In vSphere 5.x, the allocation method of the source virtual disk(s) can have a perceptible effect on the copy duration of an XCOPY operation. Thick-type virtual disks (such as zeroedthick or eagerzeroedthick) clone/migrate much faster than a thin virtual disk of the same size with the same data.
It is recommended to never use thin-type virtual disks for virtual machine templates as it will significantly increase the deploy-from-template duration for new virtual machines.

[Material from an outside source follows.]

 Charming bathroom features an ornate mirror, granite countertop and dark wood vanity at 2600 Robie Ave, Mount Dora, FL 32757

According to VMware this performance delta is a design decision and is to be expected, refer to the following VMware KB for more information:
The reason for this is that thin virtual disks are often fragmented on the VMFS volume as they grow in 1 MB increments (the block size of the VMFS) as needed. Since this growth is non-uniform and sporadic, it cannot be guaranteed to be contiguous, and in fact probably is not. This caused XCOPY sessions involving thin virtual disks to ignore the configured setting of the MaxHWTransferSize, which as best practices dictate should be 16 MB. Instead, it would use the block size of the VMFS, which is 1 MB, making the largest transfer size a thin virtual disk could use limited to 1 MB. This markedly slows down XCOPY sessions.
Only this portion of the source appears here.